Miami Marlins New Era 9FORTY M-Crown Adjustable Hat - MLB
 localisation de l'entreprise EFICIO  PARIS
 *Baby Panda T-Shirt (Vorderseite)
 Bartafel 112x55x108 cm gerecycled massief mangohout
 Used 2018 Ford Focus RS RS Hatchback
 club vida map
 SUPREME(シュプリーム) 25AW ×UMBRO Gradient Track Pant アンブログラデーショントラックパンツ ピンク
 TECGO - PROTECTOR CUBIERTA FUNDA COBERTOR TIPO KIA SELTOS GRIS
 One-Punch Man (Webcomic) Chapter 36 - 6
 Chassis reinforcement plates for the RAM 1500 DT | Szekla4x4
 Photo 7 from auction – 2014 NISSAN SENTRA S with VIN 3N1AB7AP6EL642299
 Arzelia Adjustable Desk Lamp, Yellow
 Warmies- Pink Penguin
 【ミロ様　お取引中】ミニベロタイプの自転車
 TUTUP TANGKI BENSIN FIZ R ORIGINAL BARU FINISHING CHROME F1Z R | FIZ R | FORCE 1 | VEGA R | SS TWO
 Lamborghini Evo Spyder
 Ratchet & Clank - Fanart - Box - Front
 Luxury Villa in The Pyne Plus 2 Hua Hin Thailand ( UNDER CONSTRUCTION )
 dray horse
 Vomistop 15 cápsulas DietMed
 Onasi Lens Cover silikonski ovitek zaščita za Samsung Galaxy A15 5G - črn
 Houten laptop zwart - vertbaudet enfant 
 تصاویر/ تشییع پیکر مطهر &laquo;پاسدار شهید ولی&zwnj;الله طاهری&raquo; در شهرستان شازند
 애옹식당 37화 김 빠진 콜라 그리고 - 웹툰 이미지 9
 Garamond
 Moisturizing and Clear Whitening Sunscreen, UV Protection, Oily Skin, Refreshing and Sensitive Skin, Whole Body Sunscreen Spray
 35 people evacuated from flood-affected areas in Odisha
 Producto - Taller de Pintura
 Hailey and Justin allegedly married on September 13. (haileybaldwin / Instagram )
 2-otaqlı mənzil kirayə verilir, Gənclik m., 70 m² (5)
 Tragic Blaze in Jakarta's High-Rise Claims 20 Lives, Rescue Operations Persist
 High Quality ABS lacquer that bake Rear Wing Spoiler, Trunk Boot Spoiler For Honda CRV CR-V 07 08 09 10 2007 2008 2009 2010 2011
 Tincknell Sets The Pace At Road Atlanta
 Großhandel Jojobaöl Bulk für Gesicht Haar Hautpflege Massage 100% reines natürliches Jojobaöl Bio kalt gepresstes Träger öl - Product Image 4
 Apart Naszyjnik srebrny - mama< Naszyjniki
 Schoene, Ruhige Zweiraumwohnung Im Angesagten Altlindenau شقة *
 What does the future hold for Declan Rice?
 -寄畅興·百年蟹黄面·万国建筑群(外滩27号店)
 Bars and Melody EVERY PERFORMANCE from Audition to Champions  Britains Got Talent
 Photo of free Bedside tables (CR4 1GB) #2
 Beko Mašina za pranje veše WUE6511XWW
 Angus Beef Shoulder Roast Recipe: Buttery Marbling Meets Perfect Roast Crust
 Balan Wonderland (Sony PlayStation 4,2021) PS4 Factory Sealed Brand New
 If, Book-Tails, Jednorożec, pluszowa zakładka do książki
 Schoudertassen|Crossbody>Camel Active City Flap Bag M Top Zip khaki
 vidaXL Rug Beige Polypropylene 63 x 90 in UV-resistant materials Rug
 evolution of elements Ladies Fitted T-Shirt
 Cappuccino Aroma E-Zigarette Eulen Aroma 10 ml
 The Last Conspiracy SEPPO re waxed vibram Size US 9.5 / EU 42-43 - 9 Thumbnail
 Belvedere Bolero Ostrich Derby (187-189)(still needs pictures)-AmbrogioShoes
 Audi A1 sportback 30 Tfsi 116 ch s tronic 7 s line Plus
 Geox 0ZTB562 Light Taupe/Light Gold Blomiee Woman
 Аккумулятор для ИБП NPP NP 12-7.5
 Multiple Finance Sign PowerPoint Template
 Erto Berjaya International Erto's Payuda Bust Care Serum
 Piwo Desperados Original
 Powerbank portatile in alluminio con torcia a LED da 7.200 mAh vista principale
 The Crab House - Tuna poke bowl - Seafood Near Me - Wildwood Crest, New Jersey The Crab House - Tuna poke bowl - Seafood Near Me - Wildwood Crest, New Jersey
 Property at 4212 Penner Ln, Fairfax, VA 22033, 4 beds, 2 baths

** Task brief **
Search the data for the string "from" and copy every line where it appears.

** Solution for this problem **
 Photo 7 from auction – 2014 NISSAN SENTRA S with VIN 3N1AB7AP6EL642299
 35 people evacuated from flood-affected areas in Odisha
 Bars and Melody EVERY PERFORMANCE from Audition to Champions  Britains Got Talent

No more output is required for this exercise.